"Onebox Assistant", a plugin to help onebox do its job

What it does

Turns this kind of result:

(where your server has failed to bring back the page source so cannot extract the required tags to build the onebox)

Into this!:

It simply provides an alternative path for onebox to get its page source with which to look for meta-data when the target server refuses your connection.

It changes nothing about how onebox then processes the page source to find the meta-data and render the box.

It’s meant to allow you to enter the details and credentials of a third party API to bring back the page instead of doing a normal http call directly to the target page.

Why

I found my servers were being forbidden access to a number of commercial sites so oneboxes would fail to be rendered. It essentiallly helps leverage the trustworthiness of the 3rd party API, a bit like a mail service.

Why it’s cost effective

It is intended to use the API sparingly and will bring back the page source in the normal way under most circumstances.
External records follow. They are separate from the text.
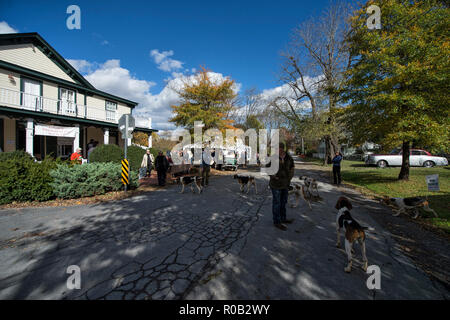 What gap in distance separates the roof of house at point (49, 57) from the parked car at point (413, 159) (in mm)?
27564

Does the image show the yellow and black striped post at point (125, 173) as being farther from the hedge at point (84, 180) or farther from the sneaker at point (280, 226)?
the sneaker at point (280, 226)

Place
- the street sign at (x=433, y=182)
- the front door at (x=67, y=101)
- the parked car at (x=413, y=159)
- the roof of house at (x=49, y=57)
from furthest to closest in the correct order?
the parked car at (x=413, y=159)
the front door at (x=67, y=101)
the roof of house at (x=49, y=57)
the street sign at (x=433, y=182)

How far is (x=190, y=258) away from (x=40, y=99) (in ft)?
54.9

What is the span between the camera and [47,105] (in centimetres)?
1322

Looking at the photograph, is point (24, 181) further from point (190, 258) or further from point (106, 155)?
point (190, 258)

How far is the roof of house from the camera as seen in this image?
473 inches

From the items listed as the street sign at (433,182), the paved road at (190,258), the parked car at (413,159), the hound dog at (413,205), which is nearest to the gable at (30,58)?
the paved road at (190,258)

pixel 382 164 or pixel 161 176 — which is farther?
pixel 382 164

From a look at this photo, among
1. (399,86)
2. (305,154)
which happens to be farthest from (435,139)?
(305,154)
It only uses the API when it’s refused a response.

What this means is you can use a relatively cheap VPS but still get reliable one-boxing functionality, even if your IP or user agent is somehow ‘blacklisted’.

You don’t need it if

You are oneboxing all your target content ok with the vanilla install and all users are happy

Pre-requisites

You need an account with a suitable 3rd part API.

Settings

See example below

image

Known Limitations

  • It’s only been tested with one provider at the moment and not tested on others. That provider is https://embed.rocks (with whom I have no affiliation). I’m happy to consider supporting more services if the work is sponsored.

There’s a switch to return page source.

  • The monkeypatching is a little brash and there’s rather too much Discourse code in the current version. Advice on how to minimise the amount of original source-code most welcome!

Repo here

All feedback welcome.

17 Likes

Can i know what 3rd party API you are using?

1 Like

The plugin currently supports https://embed.rocks. I’ve updated the first post with that information too.

There’s a switch to return page source instead of a ‘card’ (shown in the screenshot).

embed.rocks look like down right now.

I’m trying to use proxycrawl.com but i can not. Can you take a look?

I’ve escalated the website issue. Have mailed the owner.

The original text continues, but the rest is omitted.